Advantages and Limitations of Management Accounting

The advantages of management accounting are summarized below:

a)      Helps in Decision Making: Management accounting helps in decision making such as pricing, make or buy, acceptance of additional orders, selection of suitable product mix etc. These important decisions are taken with the help of marginal costing technique.

b)      Helps in Planning: Planning includes profit planning, preparation of budgets, programmes of capital investment and financing. Management accounting assists in planning through budgetary control, capital budgeting and cost-volume-profit analysis.

c)       Helps in Organizing: Management accounting uses various tools and techniques like budgeting, responsibility accounting and standard costing. A sound organizational structure is developed to facilitate the use of these techniques.

d)      Facilitates Communication: Management is provided with up-to-date information through periodical reports. These reports assist the management in the evaluation of performance and control.

e)      Helps in Co-coordinating: The functional budgets (purchase budget, sales budget, and overhead budget etc.) are integrated into one known as master budget. This facilitates clear definition of department goals and coordination of their activities.

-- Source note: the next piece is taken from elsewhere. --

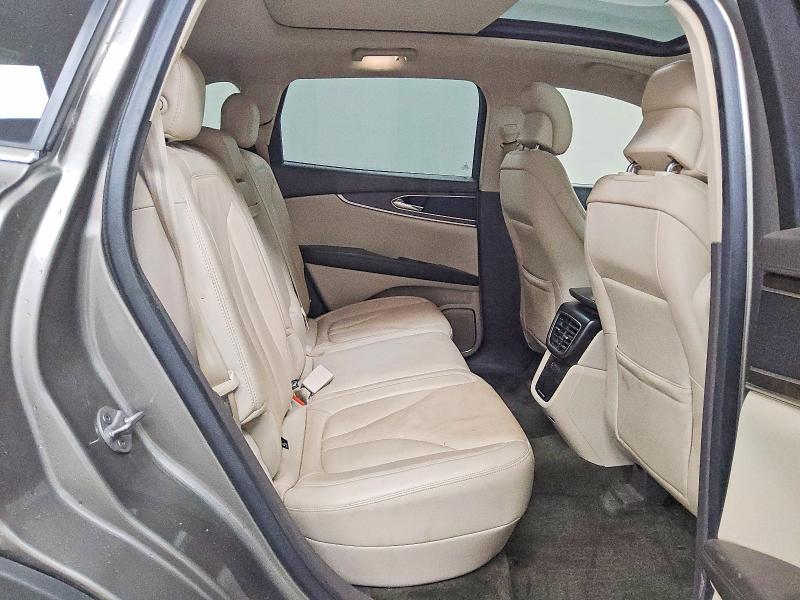 57042946 :رقم المزاد ، 2LMPJ6LR1HBL51311 vin ، 2017 Lincoln Mkx مزاد بيع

f)       Evaluation and Control of Performance: Management accounting is a convenient tool for evaluation of performance. With the help of ratios and variance analysis, the efficiency of departments can be measured which assists management in the location of weak spots and in taking corrective actions.

g)      Interpretation of Financial Information: Management accounting presents information in a simple and purposeful manner. This facilitates quick decision making.

h)      Economic Appraisal: Management accounting includes appraisal of social and economic forces and government policies. This appraisal helps the management in assessing their impact on the business.

Limitations of Management Accounting

Management accounting, being comparatively a new discipline, suffers from certain limitations, which limit its effectiveness. These limitations are as follows:

1. Limitations of basic records: Management accounting derives its information from financial accounting, cost accounting and other records. The strength and weakness of the management accounting, therefore, depends upon the strength and weakness of these basic records. In other words, their limitations are also the limitations of management accounting.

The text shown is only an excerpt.